There's a faint possibility that Linus Torvalds's software could topple Microsoft. Why? Because he is a geek: he created an ingenious operating system and gave it away free on the Internet. Connected (Channel 4, Saturday) tells how other geeks sent Linus ideas about how to improve it. How can a corporation that attacks its opposition by undercutting them on price, fight against those who do it for love, not money?
Successfully revamping a longstanding business is a tricky endeavour. Health Farm (BBC 1, 9.30 p.m. Monday) looks at how £14 million transformed the old-fashioned and genteel Forest Mere health farm into one of the biggest in Europe - and this new series follows its fortunes as it opens, and beyond.
Retailers about to launch into Christmas (yes, even though it is only October) may want to turn to this week's The Shop (BBC 1, 8.30 p.m., Thursday) to see Christmas season 1997 (remember Tellytubbies?) descend on the London store Selfridges, which is trying out a modern, tinsel-free Yule.
A cautionary tale for those in charge of the publicity budget.
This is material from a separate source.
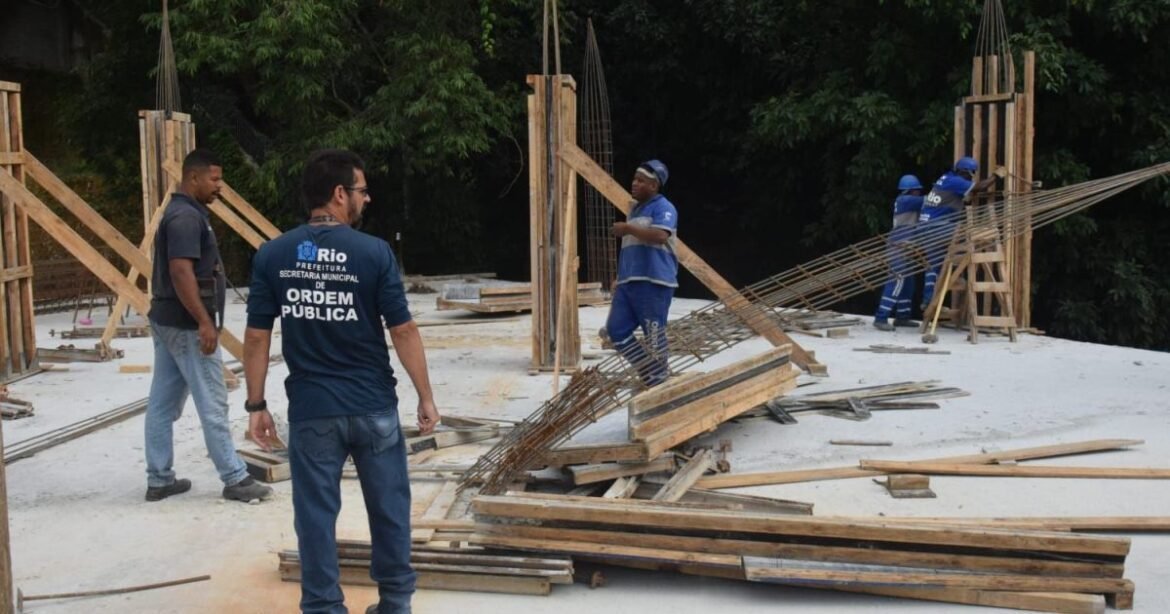 Construção Civil vê confiança aumentar 2,1 pontos em março, alcançando 93,6 pontos, segundo a FGV.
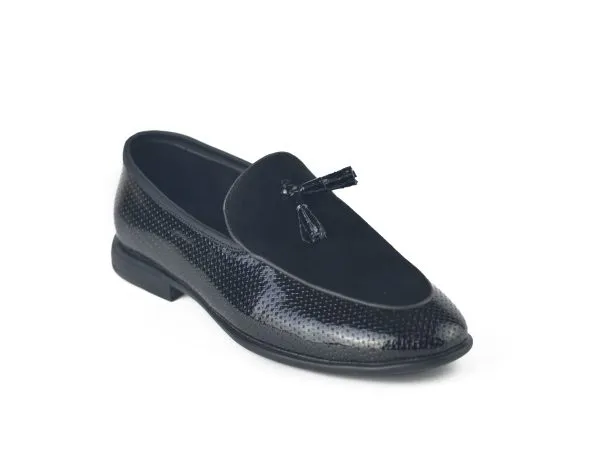 [20660141] Classic loafers crafted from textured glossy leather with suede accents (41)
Arguably the most important and under-rated aspect of movie-making is marketing and publicity and in How To Make A Movie (BBC 2, 7.30 p.m., Friday) film distributor Pathe is spending as much promoting a low-budget, black and white film, Twentyfour Seven, as it cost to make in the first place. But it doesn't work.
True Lives (RTE 1, 8 p.m., Monday) is the story of the last year of the life and the death of Robert Maxwell.